Task description:
Apart from the images, output the data below exactly.
*** Data for this exercise ***
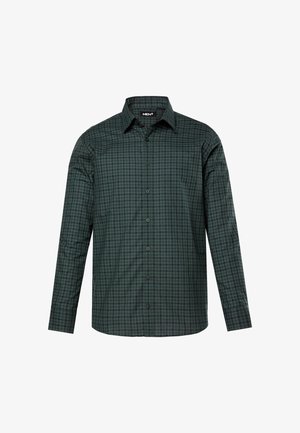 Langärmliges Hemd mit Knopfverschluss aus dunkelgrünem Stoff mit Karomuster. Es hat einen klassischen Kragen und sechs schwarze Knöpfe auf der Vorderseite.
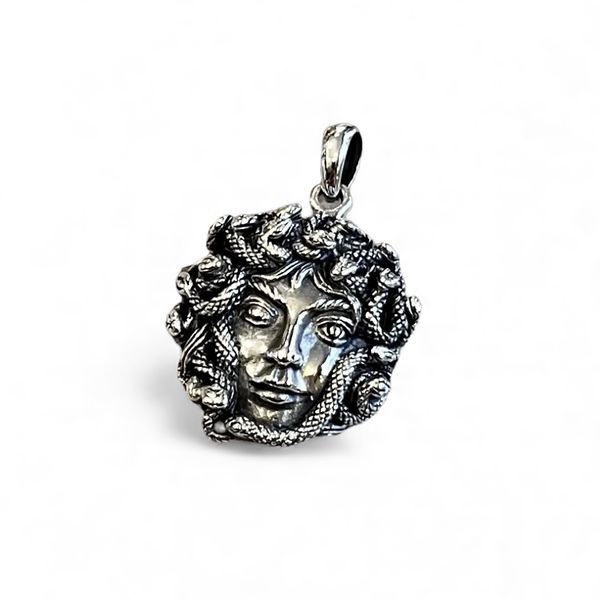 2. Hanging Medusa Face silver gray BRASS Workshop pemed22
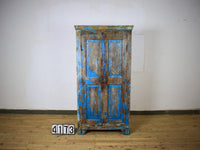 Vintage Rustic Wooden Worn Painted Cupboard Cabinet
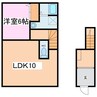 La Rocｈelle 1DKの間取り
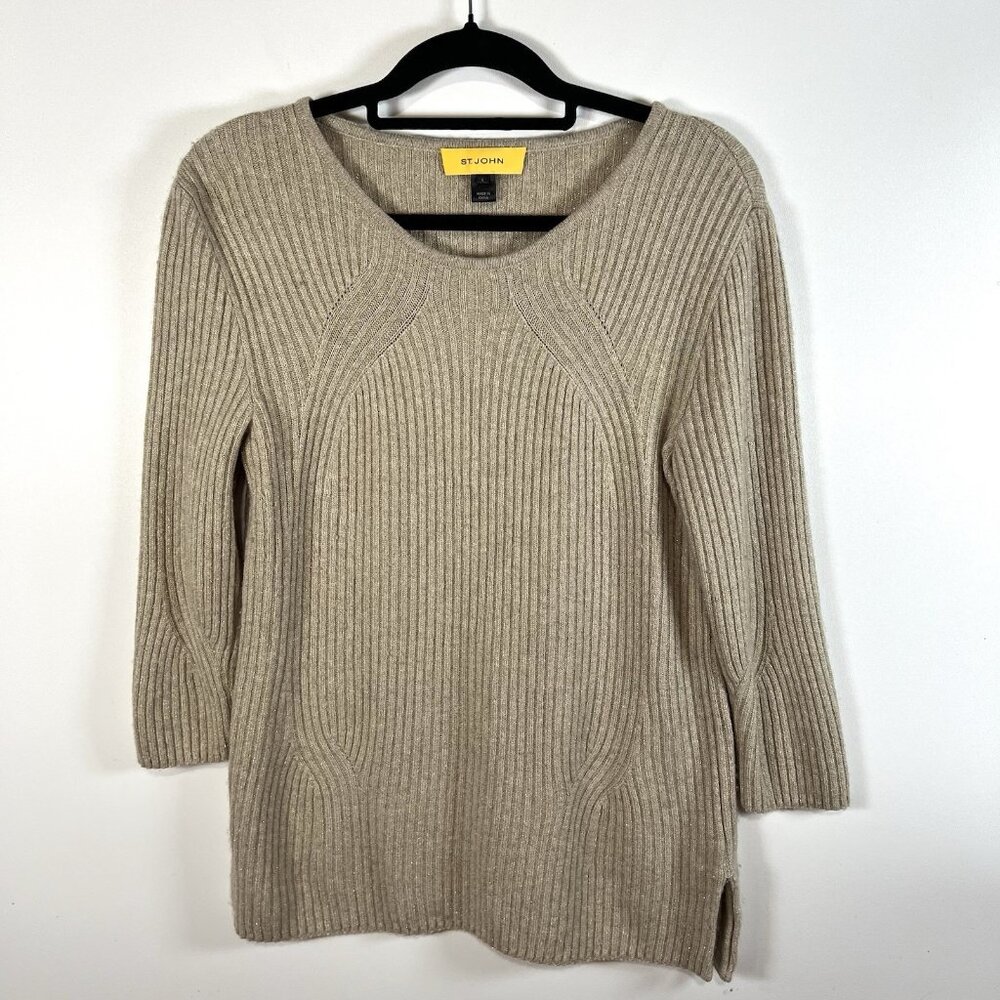St. John Metallic Rib knit sweater Women’s Size Large Wool‎ Cashmere Tan Luxury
*** End of Data for this exercise ***
Your solution:
 Langärmliges Hemd mit Knopfverschluss aus dunkelgrünem Stoff mit Karomuster. Es hat einen klassischen Kragen und sechs schwarze Knöpfe auf der Vorderseite.
 2. Hanging Medusa Face silver gray BRASS Workshop pemed22
 Vintage Rustic Wooden Worn Painted Cupboard Cabinet
 La Rocｈelle 1DKの間取り
St. John Metallic Rib knit sweater Women’s Size Large Wool‎ Cashmere Tan Luxury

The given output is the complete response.